Al Jazeera: Email is “old fashioned”

I continue to get blown away by the quality of material coming from Middle Eastern media network Al Jazeera.

I’ve just watched the latest Listening Post podcast and have learned more about Yemen in a few minutes than from a lifetime of watching, reading and listening to Australian media.

And fascinatingly, this is how Listening Post presenter Richard Gizbert explained how you can take part in the program.

We are now closing in on four thousand viewers following us on Facebook and Twitter. They check in to find out what stories we’re working on and in case they want to weigh in as one of our Global Village Voices. If you’d like to do the same, just go to either of those sites and search us out. Or you can get in touch with us the old-fashioned way on email. We’re at listeningpost@aljazeera.net.

Yes, that’s right. Email is now “old-fashioned”. Love your work, guys.

2 Replies to “Al Jazeera: Email is “old fashioned””

  1. Great find from al-Jazeera, Stil. I spent a month in Yemen at the start of 2009 and found it a fascinating place to be. Interestingly, (and in accordance with the Listening Post report) while 30 suspected al-Qaeda trainees had been arrested only a week before I arrived, it wasn’t treated as a big deal at all in the local media, and certainly not at the macro-level. Issues like the demographic problems are much more concerning: while I was over there someone told me that the average Yemeni woman gives birth to 7 children! (This goes part-way to explaining why the median age is so low)

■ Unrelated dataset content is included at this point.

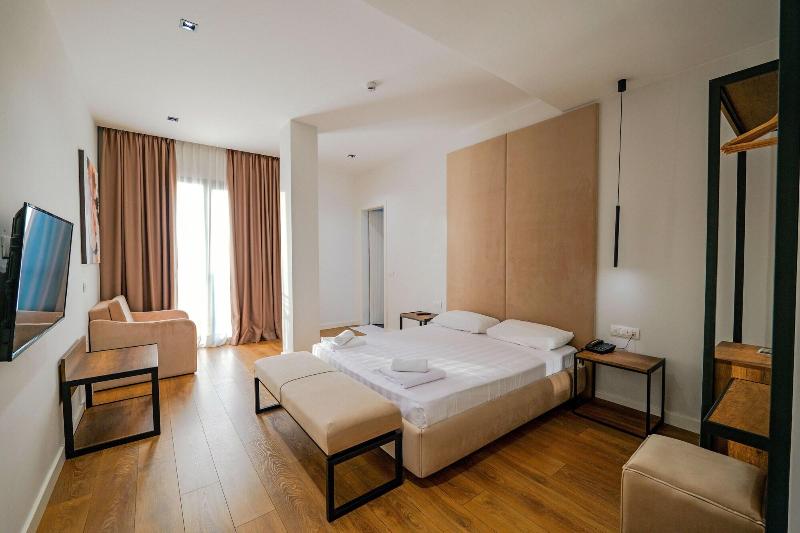 cheap resort hotels  to Spend holiday with family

    Another problem is their wholesale addiction to khat (think Arabic chewing tobacco), and the fact that many many farmers are turning to it as a cash crop rather than growing more useful things. Combine that with the dwindling oil reserves and water supply, and you’ve got big challenges ahead.

    I did encounter some quite strong anti-American sentiment while there (I had to explain quite vehemently to one local in a market that I was Aussie, not a Yank). Whether Yemen becomes a full-blown terrorism hotbed (which I don’t think it is at all now) will probably depend on where the blame for the country’s problems gets levelled: at the Yemeni Government or at the West.

    Given that the current President has been in power for 33 years, The last thing the US wants to be doing right now is providing more propaganda for the real terrorists to use.

  2. @andrewdotnich: The range of your knowledge and experience continues to amaze me.

    Apart from the male dominance in what I assume is a relatively “traditional” culture, the number of children born indicates that Yemen is still in a pre-industrialised phase — and I’m using the term loosely here. Usually, when the wave of industrial development moves through a society, prosperity and thus healthcare increases first, bringing with is an improvement in lifespan and a decrease in child mortality. Only a generation or three later does the birth rate drop to match — the result being a population surge.

    That graph is from the RAND report Global Shifts in Population.